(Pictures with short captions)

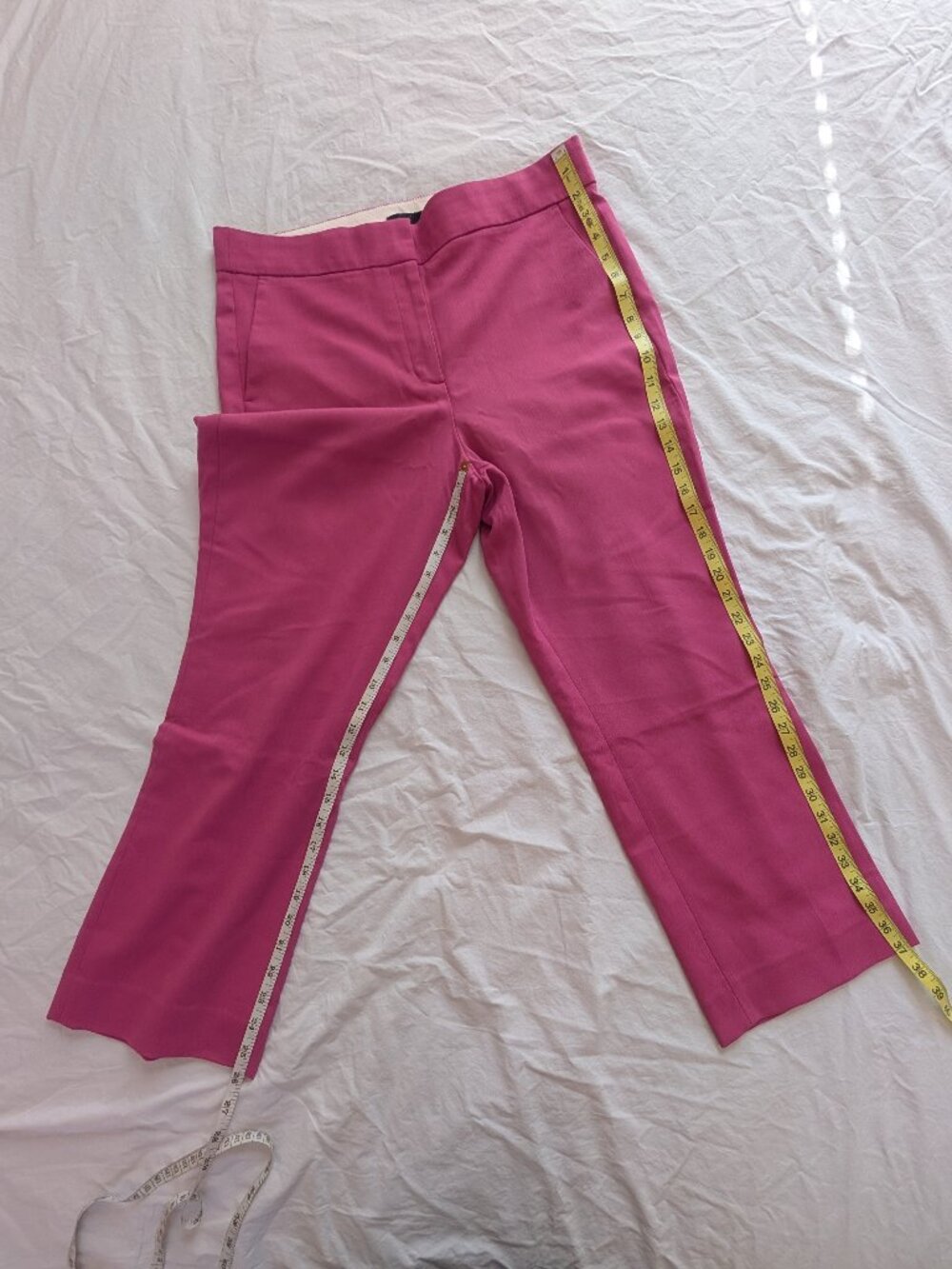 EUC J. Crew Pink Willa Cropped Flare Wool Trousers in Size 12 - Picture 12 of 15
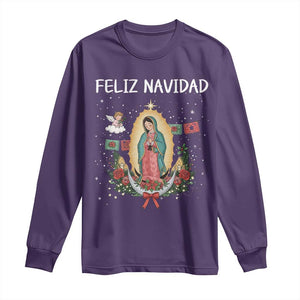 Our Lady of Guadalupe Christmas Long Sleeve Shirt Feliz Navidad TS14 Purple Print Your Wear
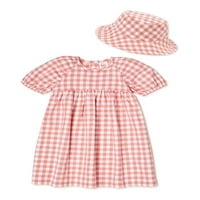 Wonder Nation Baby and Toddler Girls's haljina postavljena sa kašikom, dvodijelnim setom, veličinama 0 3m-5t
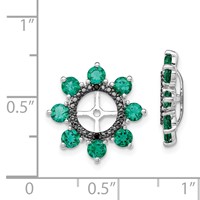 Sterling Silver Rhodium Created Emerald & Black Sapphire Earring Jacket view 4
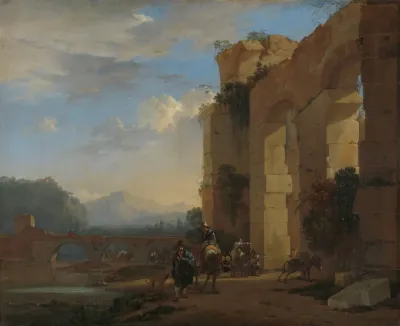 Muleteers Beside An Italian Ruin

Work instruction:
Please restate the data word for word, leaving out any picture it holds.

Response box:
 EUC J. Crew Pink Willa Cropped Flare Wool Trousers in Size 12 - Picture 12 of 15
 Our Lady of Guadalupe Christmas Long Sleeve Shirt Feliz Navidad TS14 Purple Print Your Wear
 Wonder Nation Baby and Toddler Girls's haljina postavljena sa kašikom, dvodijelnim setom, veličinama 0 3m-5t
 Sterling Silver Rhodium Created Emerald & Black Sapphire Earring Jacket view 4
 Muleteers Beside An Italian Ruin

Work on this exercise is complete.